Nobody Wants To Grieve, But That's The Price We Pay For Love

Grief never comes when you think it should. It comes when a certain song comes on or the sun shines through the window just right.

Nobody Wants To Grieve, But That's The Price We Pay For Love

Death always seems to come when life is good and everything starts to be going alright. And then out of nowhere, you're reminded of how cruel life can be. The stages of grief don't always go in order, they come in waves or all at once. Grief never comes when you think it should. It comes when a certain song comes on or the sun shines through the window just right. I take comfort in the fact that everyone experiences grief, even when you feel all alone knowing that everyone goes through a process that helps a little bit.

1. Denial

It doesn't seem real. Thinking that you'll never see that person again, never hear their voice or feel their touch again. It doesn't seem possible that one minute they're here and the next they cease to be. I've found that this stage remains ever-present no matter how much time has passed. And feeling like they could appear at any time and everything would be fine once again remains too.

2. Anger

Once the loss finally sinks in the resentment sets in. Analyzing all the precious moments that lead up to the event, thinking about how things could be different and why they're not.

3. Bargaining

Goes hand in hand with anger, thinking about how things could've and should've been different. Believing that there might be something you could do if only you could will it into existence.

4. Depression

Comes when realizing that the person is never coming back and finding their presence in everything. This is the long-lasting stage, the one that holds on and makes you feel everything like pins in your skin.

5. Acceptance

The hardest stage to come to. It's greeted many times but turned away. Somehow it feels like you're letting go of the person when you accept they're gone. But once you do, you realize that they're actually with you no matter where you go. That's an uplifting feeling.

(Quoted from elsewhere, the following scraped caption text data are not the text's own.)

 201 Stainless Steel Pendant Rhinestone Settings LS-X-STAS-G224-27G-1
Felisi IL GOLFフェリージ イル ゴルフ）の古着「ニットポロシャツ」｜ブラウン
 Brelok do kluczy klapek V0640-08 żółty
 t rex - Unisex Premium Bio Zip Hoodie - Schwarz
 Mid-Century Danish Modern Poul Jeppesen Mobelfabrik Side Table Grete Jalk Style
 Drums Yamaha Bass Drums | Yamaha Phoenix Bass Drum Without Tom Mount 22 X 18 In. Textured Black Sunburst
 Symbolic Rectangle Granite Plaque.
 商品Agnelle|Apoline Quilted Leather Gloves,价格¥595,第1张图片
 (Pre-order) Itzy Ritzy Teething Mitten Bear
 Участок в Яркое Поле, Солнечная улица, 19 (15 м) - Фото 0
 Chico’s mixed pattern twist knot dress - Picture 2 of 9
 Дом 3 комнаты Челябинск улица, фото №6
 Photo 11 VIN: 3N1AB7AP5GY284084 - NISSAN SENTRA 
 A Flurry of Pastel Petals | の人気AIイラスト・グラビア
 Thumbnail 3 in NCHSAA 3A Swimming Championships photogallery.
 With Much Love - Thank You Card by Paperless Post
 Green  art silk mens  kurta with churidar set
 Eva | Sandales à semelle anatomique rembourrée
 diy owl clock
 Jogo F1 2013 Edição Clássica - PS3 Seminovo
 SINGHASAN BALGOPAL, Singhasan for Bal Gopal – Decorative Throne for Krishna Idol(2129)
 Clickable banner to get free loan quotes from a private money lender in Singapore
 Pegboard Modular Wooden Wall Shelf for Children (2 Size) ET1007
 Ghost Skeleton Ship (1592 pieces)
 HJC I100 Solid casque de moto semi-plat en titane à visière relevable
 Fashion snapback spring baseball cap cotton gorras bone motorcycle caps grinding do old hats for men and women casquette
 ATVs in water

What I've come to understand about death is that it's always shocking and breath-taking. The unsettling feeling lasts for so much longer than you think it ever should. With every death you experience you find yourself more humble with the gift of life than you thought you could. You normally only remember the good times and are grateful for the times you got to share,

But it never gets any easier. Years down the road it will still bring you to your knees on the day they died and something feeling off at every major event. It doesn't get easier, but you learn an appreciation for this intently brutal life. How fast it goes and how much it means.